Labs 02 - TBB matrix transpose

Take a code startup pack tbb-matrix-tran.zip, unzip it, and open it in Visual Studio (or your favorite IDE). Optionally, you can copy the same starter pack from /home/_teaching/para/labs/tbb-matrix-tran NFS directory on parlab.

The objective is to parallelize the matrix transpose operation using Intel TBB. The matrix is stored in the class Matrix which takes a policy class that defines its memory organization (currently, only the MatrixOrganizationLinear policy representing traditional row-wise layout is available). The transpose operation should be performed in-place. The matrix is always square and its side size is taken as (the only) command line argument (16 384 is the default). The matrix is filled with a simple pattern to facilitate validation.

The serial_transpose() function is provided as a reference serial implementation. The parallel_transpose() function is the one you should implement. The main() function is already prepared to measure the execution time of both functions and to validate parallel computation results.

Compilation and execution on parlab

For compilation, you may use the provided Makefile, and optionally the build.sh sbatch script. This is not an ordinary shell script, but it needs to be executed via slurm as

$> sbatch ./build.sh

It will enqueue the job and execute it once the resources become available. The job ID is returned by the sbatch command. You can check the job status using the squeue command or the sacct -j <jobID> command. Once the job is finished, the output is stored in ./build.log file.

If you prefer to run the make directly as a terminal command, use srun:

$> srun -A nprg042s -p mpi-homo-short -c 1 -n 1 make

Similarly, you can run the compiled job using

$> sbatch ./run.sh [ <matrix-side-size> ]

It takes one optional argument (matrix size) and yields the output (measured times) into run.log. Alternatively, you can run it interactively as:

$> srun -A nprg042s -p mpi-homo-short -c 32 -n 1 ./tbb-matrix-tran [ <matrix-side-size> ]

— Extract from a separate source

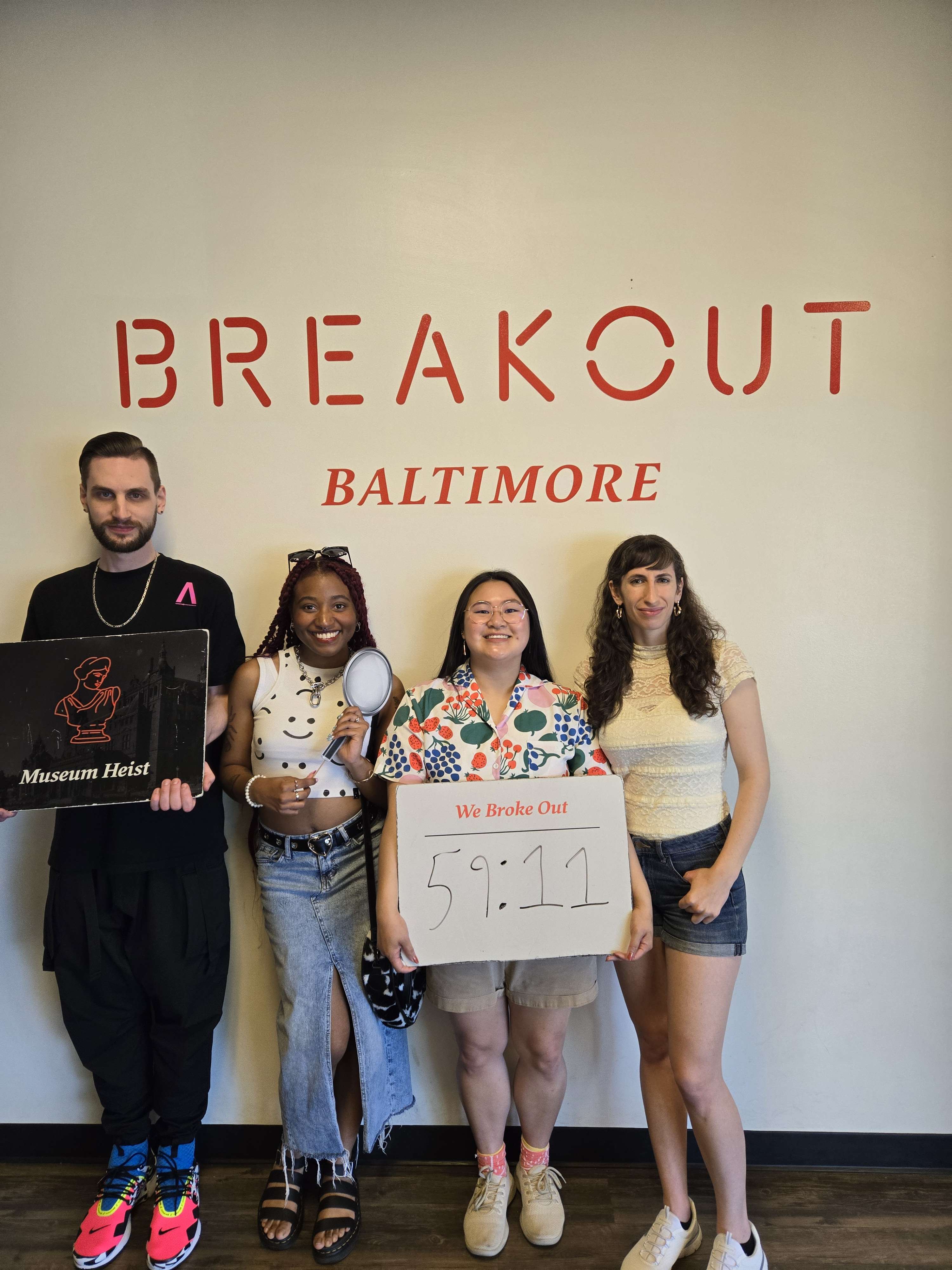 one boy and three girls smiling for a photo against a white wall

Feel free to experiment with the number of allocated processors (-c argument) and the size of the matrix. For debugging, it is recommended to keep the size small (up to a few thousand) and use only 4-8 CPUs so you can better share resources in the class. The 32 cores are a reasonable maximum (64 cores are likely to exhibit no improvement since there are only 32 physical cores).

After implementing the solution on your own, you may consult the result notes.